▶ **WHAT IS REQUIRED**: Starting from the line in which "No. 12 George" appears, output every line down to the last line of the data below, exactly and without anything more.

BEGIN EXERCISE DATA

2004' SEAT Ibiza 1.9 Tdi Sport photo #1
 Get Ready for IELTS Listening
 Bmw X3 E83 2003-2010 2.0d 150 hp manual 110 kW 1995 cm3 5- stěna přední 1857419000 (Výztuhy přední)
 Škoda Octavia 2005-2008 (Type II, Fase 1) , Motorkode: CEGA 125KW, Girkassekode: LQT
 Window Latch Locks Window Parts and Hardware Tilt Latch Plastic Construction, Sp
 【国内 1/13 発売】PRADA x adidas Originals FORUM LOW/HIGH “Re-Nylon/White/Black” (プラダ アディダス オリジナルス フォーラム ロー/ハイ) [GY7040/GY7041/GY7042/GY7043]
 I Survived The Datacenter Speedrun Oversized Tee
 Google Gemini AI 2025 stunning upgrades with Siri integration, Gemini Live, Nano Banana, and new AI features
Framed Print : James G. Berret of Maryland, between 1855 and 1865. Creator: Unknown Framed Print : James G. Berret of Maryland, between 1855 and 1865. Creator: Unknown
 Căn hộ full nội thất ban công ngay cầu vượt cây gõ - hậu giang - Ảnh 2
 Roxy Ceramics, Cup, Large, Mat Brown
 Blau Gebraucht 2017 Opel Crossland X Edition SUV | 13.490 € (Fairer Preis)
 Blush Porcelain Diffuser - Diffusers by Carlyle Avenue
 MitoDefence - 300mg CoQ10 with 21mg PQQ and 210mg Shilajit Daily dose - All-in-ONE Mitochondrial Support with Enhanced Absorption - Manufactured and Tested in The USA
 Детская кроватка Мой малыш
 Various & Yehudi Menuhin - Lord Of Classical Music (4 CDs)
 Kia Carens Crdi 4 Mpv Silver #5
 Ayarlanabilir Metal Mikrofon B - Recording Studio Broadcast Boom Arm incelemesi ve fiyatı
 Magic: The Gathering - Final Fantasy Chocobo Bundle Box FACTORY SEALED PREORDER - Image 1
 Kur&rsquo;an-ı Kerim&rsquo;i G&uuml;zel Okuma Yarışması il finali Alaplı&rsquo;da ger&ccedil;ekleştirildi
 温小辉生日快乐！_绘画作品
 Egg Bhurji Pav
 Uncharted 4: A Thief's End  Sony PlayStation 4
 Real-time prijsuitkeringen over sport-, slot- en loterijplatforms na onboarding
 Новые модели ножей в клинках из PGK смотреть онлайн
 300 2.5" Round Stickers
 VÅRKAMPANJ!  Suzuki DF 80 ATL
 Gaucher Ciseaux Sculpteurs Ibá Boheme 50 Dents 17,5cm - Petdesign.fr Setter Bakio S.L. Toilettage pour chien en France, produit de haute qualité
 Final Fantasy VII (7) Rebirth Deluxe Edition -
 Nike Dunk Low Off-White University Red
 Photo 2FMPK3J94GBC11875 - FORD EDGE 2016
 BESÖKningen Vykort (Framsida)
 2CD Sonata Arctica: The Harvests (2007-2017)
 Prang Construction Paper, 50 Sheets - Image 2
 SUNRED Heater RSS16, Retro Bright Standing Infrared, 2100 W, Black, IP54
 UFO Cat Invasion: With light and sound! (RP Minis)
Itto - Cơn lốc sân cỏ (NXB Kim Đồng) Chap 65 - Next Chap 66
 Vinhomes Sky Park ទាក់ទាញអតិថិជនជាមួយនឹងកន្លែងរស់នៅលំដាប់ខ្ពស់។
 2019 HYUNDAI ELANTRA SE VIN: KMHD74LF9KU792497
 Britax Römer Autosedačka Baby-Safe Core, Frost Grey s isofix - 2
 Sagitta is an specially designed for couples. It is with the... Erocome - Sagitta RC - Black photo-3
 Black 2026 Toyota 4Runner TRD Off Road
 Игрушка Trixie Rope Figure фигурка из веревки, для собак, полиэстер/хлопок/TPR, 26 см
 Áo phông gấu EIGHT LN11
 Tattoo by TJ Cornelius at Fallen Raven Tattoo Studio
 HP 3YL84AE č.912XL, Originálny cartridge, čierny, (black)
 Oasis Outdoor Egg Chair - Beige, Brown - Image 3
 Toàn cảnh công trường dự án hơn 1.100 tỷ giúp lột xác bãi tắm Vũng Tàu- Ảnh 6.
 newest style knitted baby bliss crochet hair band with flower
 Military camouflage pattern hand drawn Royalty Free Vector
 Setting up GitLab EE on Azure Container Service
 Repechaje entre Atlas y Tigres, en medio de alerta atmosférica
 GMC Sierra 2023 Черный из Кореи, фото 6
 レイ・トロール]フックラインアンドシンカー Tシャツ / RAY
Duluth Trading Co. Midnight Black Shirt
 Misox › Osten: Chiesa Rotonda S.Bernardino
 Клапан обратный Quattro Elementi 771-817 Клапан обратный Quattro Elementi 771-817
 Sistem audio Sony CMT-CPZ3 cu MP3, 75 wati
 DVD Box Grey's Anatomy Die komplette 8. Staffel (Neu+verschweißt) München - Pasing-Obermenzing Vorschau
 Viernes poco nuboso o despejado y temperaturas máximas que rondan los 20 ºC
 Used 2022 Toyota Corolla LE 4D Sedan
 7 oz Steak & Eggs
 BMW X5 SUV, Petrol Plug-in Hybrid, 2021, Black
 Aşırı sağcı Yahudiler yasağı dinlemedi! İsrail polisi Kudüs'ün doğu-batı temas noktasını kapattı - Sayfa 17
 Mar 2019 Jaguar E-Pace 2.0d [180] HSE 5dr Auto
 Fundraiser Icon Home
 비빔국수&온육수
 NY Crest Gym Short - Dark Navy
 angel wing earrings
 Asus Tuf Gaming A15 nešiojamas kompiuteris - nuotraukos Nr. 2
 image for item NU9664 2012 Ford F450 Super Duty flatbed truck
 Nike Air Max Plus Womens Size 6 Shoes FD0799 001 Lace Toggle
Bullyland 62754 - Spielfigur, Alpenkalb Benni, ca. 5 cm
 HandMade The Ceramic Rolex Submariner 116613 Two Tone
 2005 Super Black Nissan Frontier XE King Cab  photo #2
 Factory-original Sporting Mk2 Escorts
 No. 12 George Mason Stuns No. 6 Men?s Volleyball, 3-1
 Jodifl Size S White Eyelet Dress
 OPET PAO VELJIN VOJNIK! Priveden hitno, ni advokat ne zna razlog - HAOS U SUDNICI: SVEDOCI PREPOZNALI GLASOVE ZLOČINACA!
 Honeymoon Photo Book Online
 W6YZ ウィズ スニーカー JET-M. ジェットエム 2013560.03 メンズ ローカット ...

END EXERCISE DATA

▶ **SOLUTION FOR THIS TASK**:
 No. 12 George Mason Stuns No. 6 Men?s Volleyball, 3-1
 Jodifl Size S White Eyelet Dress
 OPET PAO VELJIN VOJNIK! Priveden hitno, ni advokat ne zna razlog - HAOS U SUDNICI: SVEDOCI PREPOZNALI GLASOVE ZLOČINACA!
 Honeymoon Photo Book Online
 W6YZ ウィズ スニーカー JET-M. ジェットエム 2013560.03 メンズ ローカット ...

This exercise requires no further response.